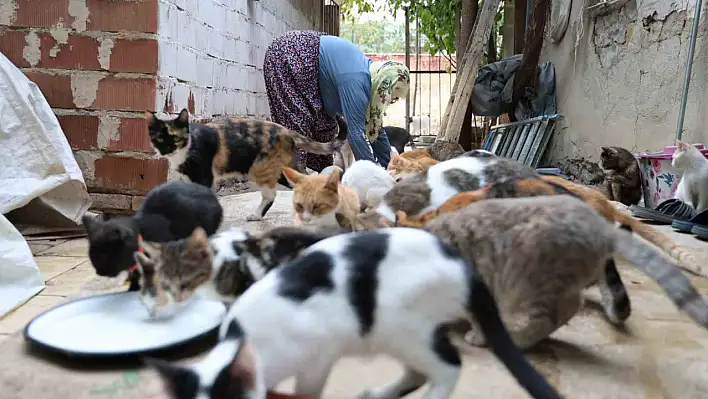 Ömrünü Kedilere Adadı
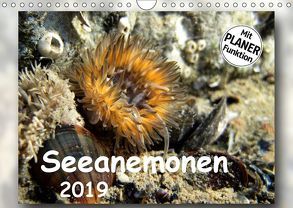 Seeanemonen (Wandkalender 2019 DIN A4 quer) von Heizmann,  Thomas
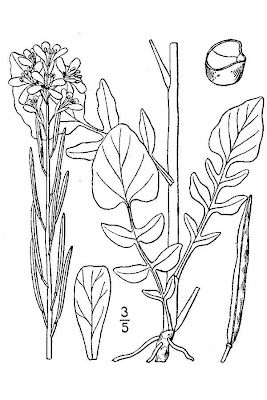 Erva-de-Santa-B�rbara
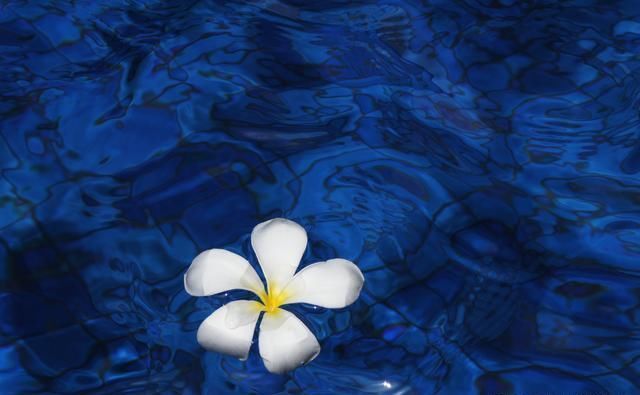 这5条摄影技巧,可让被拍摄主体更突出,你知道吗?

• TASK TO COMPLETE: Transcribe the whole listing, character for character, but not its images.

• ANSWER TO THIS EXERCISE:
 Ömrünü Kedilere Adadı
 Seeanemonen (Wandkalender 2019 DIN A4 quer) von Heizmann,  Thomas
 Erva-de-Santa-B�rbara
 这5条摄影技巧,可让被拍摄主体更突出,你知道吗?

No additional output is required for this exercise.